Hurricane Ian, which struck the US and Cuba in September, is estimated to have the highest cost, reaching at least $100 billion, while displacing 40,000 people.
According to World Bank estimates, floods taking in Pakistan from June to September, caused $30 billion in damage, displacing 7 million and killing more than 1,700 people.
However, due to the difficulty in obtaining insurance, only $5.6 billion of the losses were covered, according to the report.
Europe ravaged by heatwaves and drought
The summer heat wave and drought ravaging the UK and Europe cost more than $20 billion in losses while floods in China during the summer cost at least $12.3 billion, displacing 239 people.
Europe is responsible for about 18% of human-caused greenhouse gas emissions, said the report.
Floods affecting Australia, from Feb. 23 to March 31, led to a loss of at least $7.5 billion and forced more than 60,000 to move, said Christian Aid.
February’s Storm Eunice in Europe and the UK cost more than $4.3 billion, leading to 16 deaths while Hurricane Fiona in the Caribbean and Canada in September caused losses of more than $3 billion in two weeks. Hurricane Fiona displaced over 13,000 people with 25 deaths.
“The UK did not escape the ravages of climate change in 2022 with both Storm Eunice and the summer heatwave taking their toll. These set both a new UK windspeed record and highest temperature record. This underlines the need for policies to accelerate the transition to net zero and the folly of the decision to open a new coal mine in Cumbria,” said Watt.
The UK gave the greenlight for its first new coalmine projects after three decades this month in Cumbria, despite objections in the country, around the world and despite climate pledges.
The US, Canada and Australia are among the biggest polluters as per person carbon emissions while South Africa and China are the world’s largest coal producers.
Floods in South Africa in April caused over $3 billion in economic damage, displaced more than 40,000 and killed 459.
The economic damage of the drought, which effects lasted the entire year in Brazil and China, was calculated as $4 billion and $8.4 billion, respectively.
Christian Aid urged world leaders to decide how the loss and damage fund is managed and get money flowing into it as the extreme events highlight the need for more urgent climate action. The fund was recently agreed to at the UN Climate Conference COP27.
2023 needs to be the year we all wake up
A second list of 10 climate disasters in the report highlights those which do not make the list of insured losses but were just as damaging to communities or posed worrying future threats.
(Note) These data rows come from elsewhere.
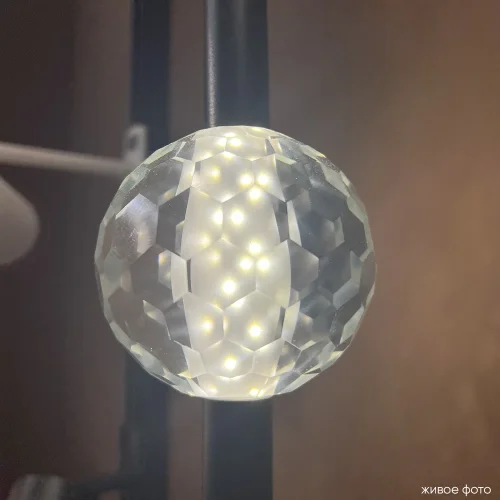 Светильник подвесной LED ELVIRA SP8W LED 4000K BLACK Crystal Lux прозрачный на 1 лампу, основание чёрное в стиле современный трубочки фото 5
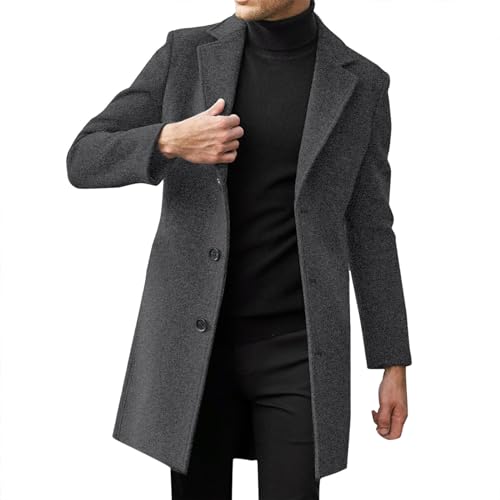 DABASHAN Herren Wintermantel Slim Fit Wollmantel Stehkragen Business Herrenmantel Lange Trenchcoat Windbreaker Jacken Winter Warm Freizeit Mantel (C-Dark Gray, L) von DABASHAN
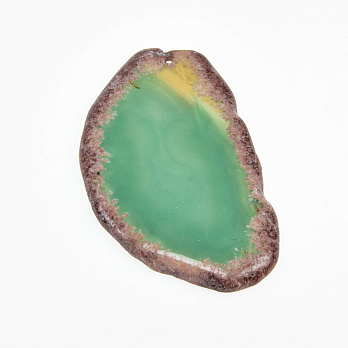 Срез Агата, Зеленый, 69х42 мм (POD-009348)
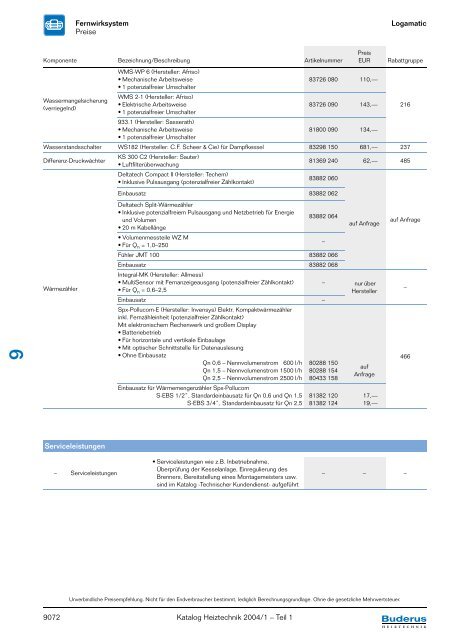 Logamatic Fernwirksystem Katalog Heiztechnik 2004/1 ... - Buderus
The report said West African floods in Nigeria, Cameroon, Mali and Niger in October led to the death of more than 600 people and the displacement of 1.3 million while Cyclone Sitrang in Bangladesh displaced 1 million.
“It is sobering to see the full extent of climate breakdown the world has suffered from in 2022. Whether it be cyclones and floods or droughts and heatwaves, it is clear that the crisis is getting worse. This report shows, in the starkest terms, why urgent climate action is so vital in 2023,” Mohamed Adow, director of the Nairobi-based energy and climate think tank, Power Shift Africa, said in a statement.
“We need to see the phasing out of fossil fuels, an acceleration of renewable energy and greater support for the vulnerable. Here in Africa, we are seeing the suffering that climate change is causing to those that have done the least to cause it. 2023 needs to be the year we all wake up and start to put the world on the right track.”
The drought in the Horn of Africa makes the list as it is estimated to have affected 36 million people, according to the UN Office for the Coordination of Humanitarian Affairs.
Floods in Malaysia and Petropolis in Brazil displaced 70,000 and 1,400, respectively, and 850,000 people had to move due to Tropical Storm Nalgae in the Philippines.
Heatwaves in India and Pakistan in March and April, back-to-back storms in Southeast Africa, Tierra del Fuego wildfire in Chile and Arctic and Antarctic heatwaves are among climate disasters affecting the lives of thousands and posing threats to the future of climate.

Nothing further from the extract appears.